Tre terribili scosse, poi tante repliche. Danni gravissimi, oggi sanati dopo una lunga opera di ricostruzione

Il crollo nella basilica di San Francesco

Il crollo nella basilica di San Francesco

Perugia, 26 settembre 2017 - Il sisma del 1997 in Umbria danneggiò circa 33mila edifici, mentre le persone evacuate furono 22.604. Il terremoto colpì 76 comuni, provocando danni per 8 miliardi di euro. Quattro le scosse significative: la notte del 26 settembre (5,8 alle 2.33), la mattina seguente alle 11.42 di 6,1 e poi il 14 ottobre (5,5) e infine, il 26 marzo 1998 a Gualdo Tadino. Negli occhi di tutti ci sono ancora i danni della basilica di Assisi, la cui volta disegnata da Giotto crollò mentre tecnici e frati erano dentro a fare una prima stima dei danni. Immagini terribili che ancora oggi fanno capire la forza di quel terremoto.

 Le prime tre scosse avevano avuto come epicentro la montagna di Foligno: Annifo, Colfiorito e Sellano. Sono i dati contenuti in «Diventi Umbria», la pubblicazione a cura della Regione in cui si ripercorrono i momenti drammatici dell'epoca. Ad oggi sono rientrate nelle proprie abitazioni 22.337 persone, il 99 per cento, sono stati ultimati 11.260 interventi (il 97 per cento), mentre la spesa complessiva, comprensiva dei mutui regionali, delle risorse comunitarie e quelle destinate a specifici interventi, ammonta a 5 miliardi e 172 milioni di euro, pari al 96 per cento delle risorse disponibili e programmate nel periodo 1998-2016.
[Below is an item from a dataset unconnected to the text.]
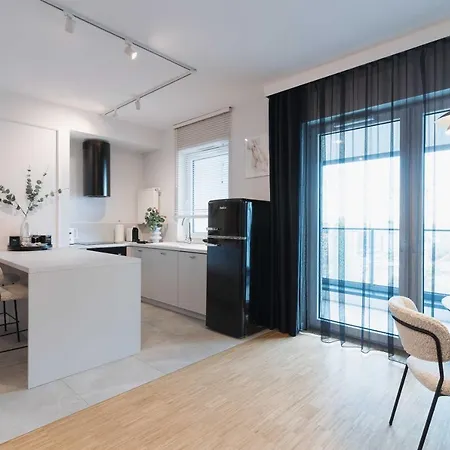 Very Berry - Dąbrowskiego 89 - Jeżyce, Self Check In 24h, Parking, Lift *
Il sisma segnò un punto di svolta per la sismologia italiana perché fu anche il primo terremoto nel nostro Paese per il quale furono contemporaneamente disponibili dati di alta qualità rilevati dalle reti di monitoraggio a terra e dai satelliti, inaugurando l'era della sismologia spaziale. L'insieme di questi dati permise di delineare con una precisione mai raggiunta prima le caratteristiche delle faglie che si erano attivate e dei meccanismi di generazione dei terremoti appenninici.

Gli eventi sismici degli anni successivi, il terremoto del 2009 all'Aquila e la recente sequenza del 2016-2017, hanno confermato molte delle interpretazioni tratte dagli studi sui terremoti del 1997. Un tratto importante emerso dagli studi sulla sequenza del 1997 è la tendenza dei terremoti appenninici a manifestarsi con la migrazione della sismicità tra segmenti di faglia vicini, come accadde proprio il 26 settembre 1997.

Al primo terremoto di magnitudo 5.7, avvenuto nella notte alle 02:33 italiane, seguì un secondo evento più forte nove ore dopo, di magnitudo 6.0, che provocò ulteriori crolli e vittime. Studi successivi permisero di comprendere le cause di questa migrazione di sismicità. I terremoti del 1997 inaugurarono anche l'era della «sismologia spaziale» in Italia. Gli eventi del 26 settembre sono stati infatti i primi terremoti italiani per i quali i satelliti permisero di evidenziare gli spostamenti della superficie e realizzare così un modello di faglia.